Elsewhere in the camp of 120 girls, another scout thought she heard screams. It had been a night of great excitement, as the girls chatted and giggled away the evening in the warm embrace of canvas. This scout now listened with hushed breath, but heard nothing. She also went back to sleep. It was 3 a.m. June 13, 1977.

But screams there might well have been, for at 6 a.m. a counselor going to wash found that three young girls had been torn from their tent and slain.

Michele Guse, 9, and Lori Lee Farmer, 8, had been beaten to death. Doris Milner, 10, had been beaten and strangled. All three had been raped. Two bodies lay in zipped sleeping bags. The third was on the open ground.

Fear raced through Camp Scott, about a mile outside sleepy Locust Grove in the northeast corner of Oklahoma. Mayes County Sheriff Glen Weaver was among the first of many investigators to reach the scene. He decided that the slayer had picked that particular tent because it was 50 feet from the others and near thick brush, which would have given the killer cover.

Also — and probers wondered if the killer might have known it — the fatal tent was among very few that did not have an adult counselor sleeping in it.

With the murder of the three girls, all from the Tulsa area 30 miles west, investigators descended on Locust Grove, a town of 1,019 people.

"I just don't think we have that many nuts in the area," the sheriff said. "It makes me pretty mad."

Hot on a Trail

Two days later, two tracking dogs were brought in from Pennsylvania to find the killer's path.
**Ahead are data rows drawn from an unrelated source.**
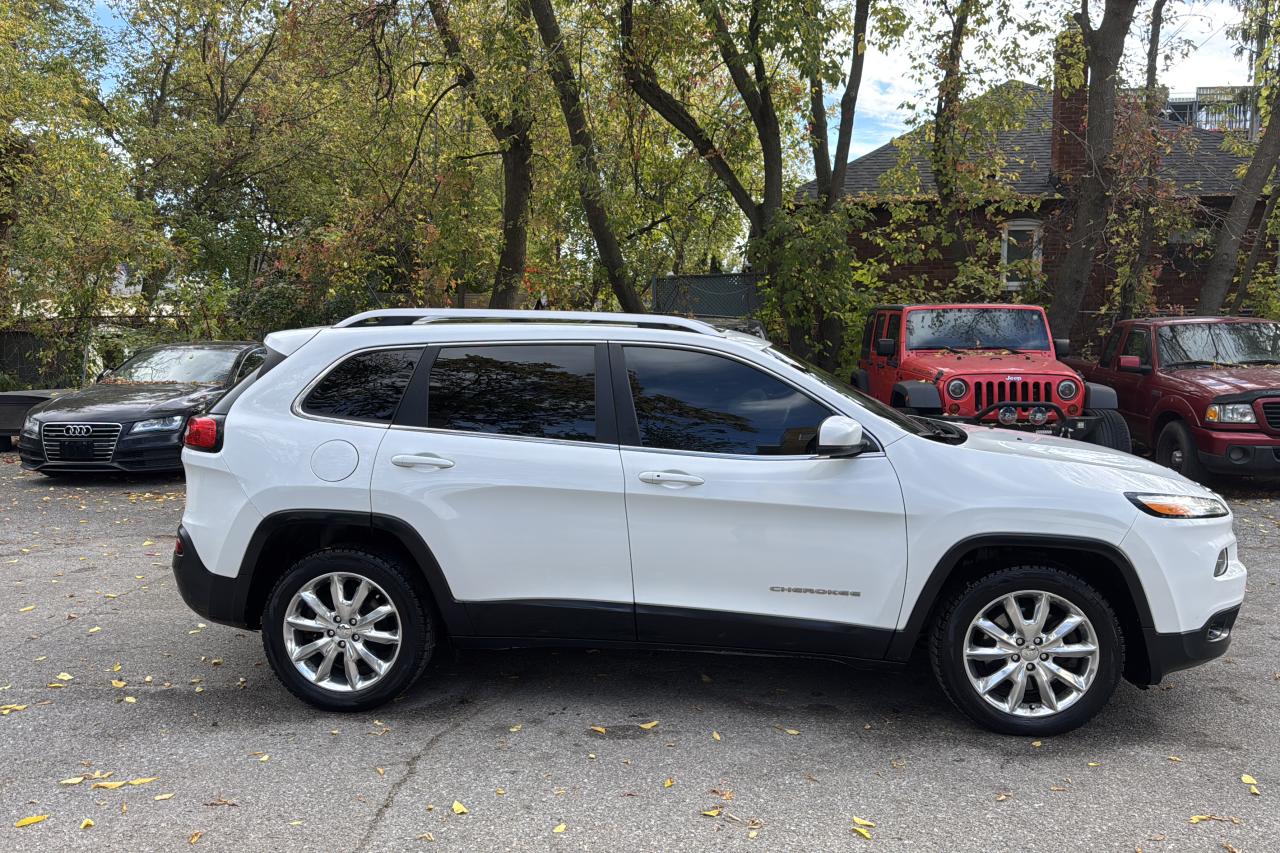 2015 Jeep Cherokee Limited Photo4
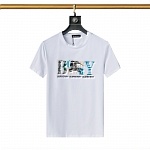 Burberry Crew Neck Short Sleeve T Shirts For Men # 266003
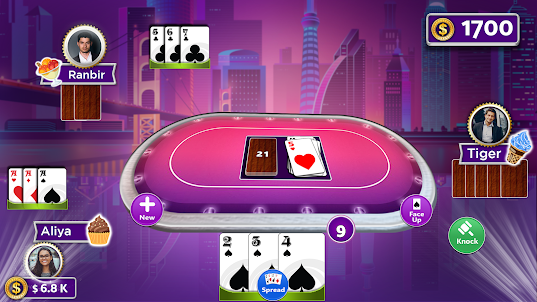 Tonk Rummy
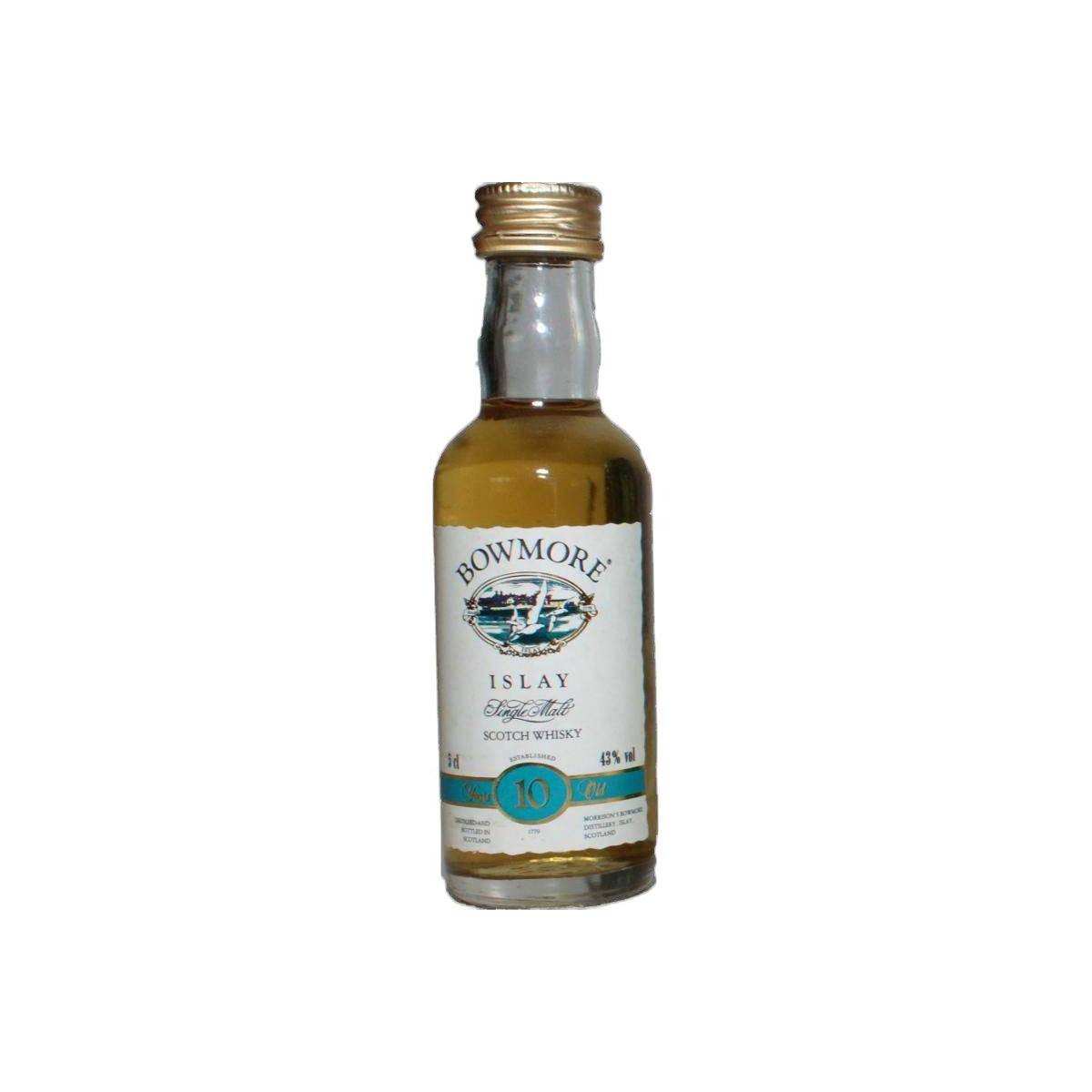 Bowmore Miniature 10 Years Single Malt Whisky 2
Within a week, one died of heat prostration and the other was hit by a car. Others were brought in and led searchers to a small cave a mile from the murder scene.

Empty food cans indicated someone had lived there, if briefly. Also found: two tattered photographs of three women. The pictures, when spread across area newspapers, brought results in a day. The women were guests at the 1969 wedding of a prison worker's daughter.

Among those attending that wedding was a prison trusty named Gene Leroy Hart, who worked as a darkroom assistant at the prison.

"He's got to be our man," Weaver said.

At the time of the wedding Hart, 33, a Cherokee Indian, was serving a 10-year sentence for kidnapping two young women in Tulsa in 1966 and raping one of them.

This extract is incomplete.